だが、逆に言えばロアほどではないのだ。あの化物を相手にしろと言われたら、ラウラ・アイゼンバーグに声をかけ、黎明旅団の全兵力を投入せざるを得ないが──あくまでシリウスの評価である──コペルニクス程度であればシリウスが保有する逆理遺物でも抑えきれるのではないか。
「どぉしたの? 逃げてばっかり。その顔は次善の策を考えているねぇ。徒手空拳では到底勝てない。だったらひみつどうぐで戦うの?」
──おもちゃでボクが殺せるかなァ。
流転コペルニクスは悪辣な顔をするが、その言葉の端々にエレーナの声色を見てしまうのは気の迷いか? エレーナは死んだ。……お腹の子も。火葬をしたのはシリウスだ。毎年墓参りにも行っている。それなのに──。

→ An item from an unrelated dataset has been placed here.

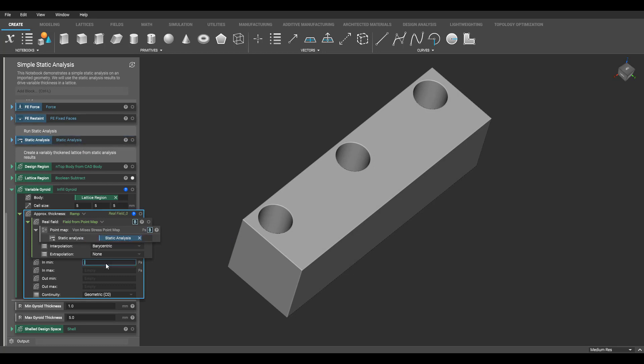Now I can start assigning values to my in min and in max inputs. In this example, I want my min and max von Mises stress values to be the inputs here. I can manually type in these values, or I could take a different approach.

あの臨界ゼレーナという女は、エレーナにしか見えなかった。
「だが」
そう。
「それが真実じゃないことくらいは明瞭だ」
俺の愛した女は墓の下だ。たとえお前がアイツのファントムだとしても、その子どもが目の前に居るとしても。
「他にも面倒見なきゃならんガキが多いんだよッ!!!!」
──殲滅の代償に俺の魂を持っていけ。その炎々で、焼き尽くせ!!
甘く砂漠を支配する者。
一瞬の内だった。
シリウスは腰から引き抜いた自動拳銃型逆理遺物70口径に自分の寿命20年を支払い、殲滅弾を装填。
引き抜いた速度・角度・位置全てが完璧に、瞬時に計算され、地獄を模した弾丸は、コペルニクスがそれを嘲笑する前に、その威力を全く理解していない流転コペルニクスの存在を消し飛ばし、それを瞬時に察した臨界ゼレーナの半身を焼き、這い出る未知の極地生物を粉砕した。
「……ほぉら、俺もやる時は、やるだろうがよ」
言いながらシリウスは倒れる。エキドナやスノウがかけ寄るも、その代償を支払った工程で持っていかれた気力で、シリウスは昏倒した。

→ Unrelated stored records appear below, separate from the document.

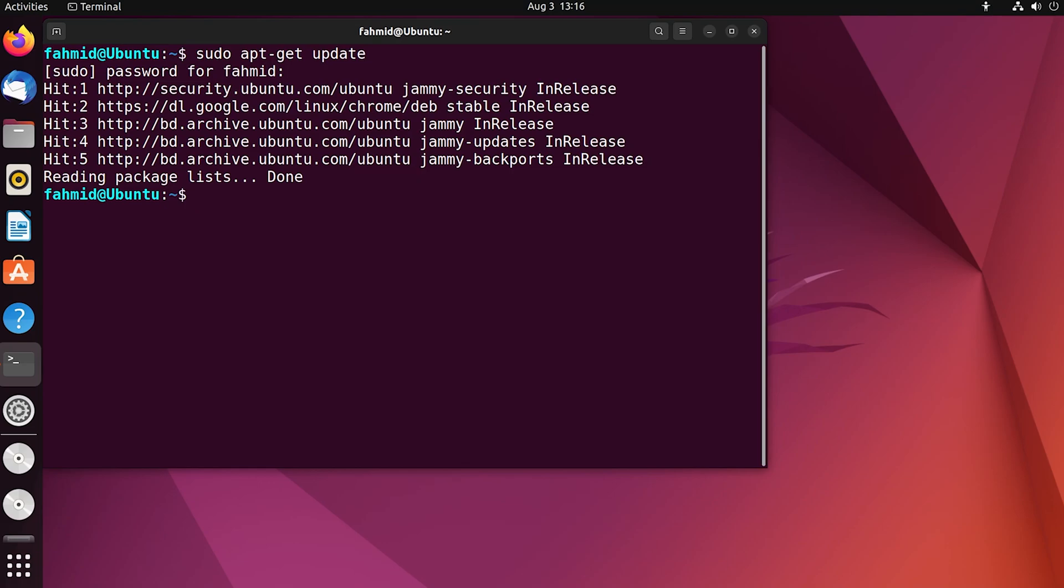To install Node.js and npm together, you can use the following command.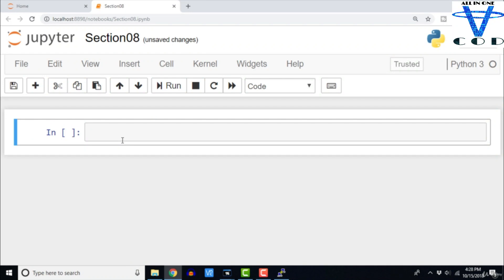Let us get started with our NumPy exercise. We can import NumPy to the current notebook or Python program using the command 'import numpy'. Usually we import it in the fashion 'import numpy as np', so we use the short form of NumPy everywhere.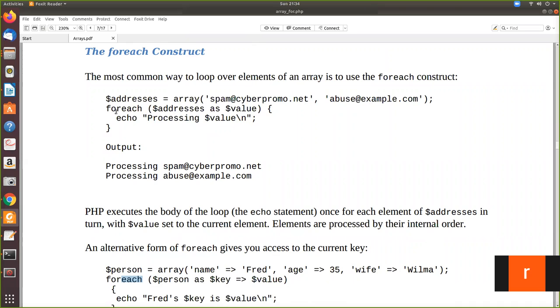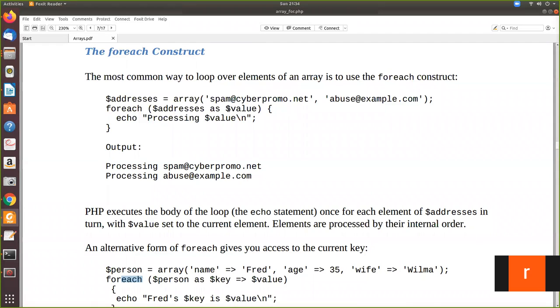Now we are using the forEach. forEach can be used like this. forEach without any space. This is the keyword. Then you give the name of the array as the first argument. Then you give as, then you give some variable. So here as dollar value. So we have given the variable name as dollar value. So what it will do?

腹の底まで冷え切った臨界ゼレーナは、もう跡形もないコペルニクスの前で泣き崩れ「殺す」とだけ呟いた。残るはフロイトとゼレーナのみ、黎明旅団の全勢力が、ゼレーナに向かう。だが、彼女の召喚した数億の蛇が、先兵を蹂躙し、圧殺した。どうしようもないその膠着のなかで、声が聞こえた。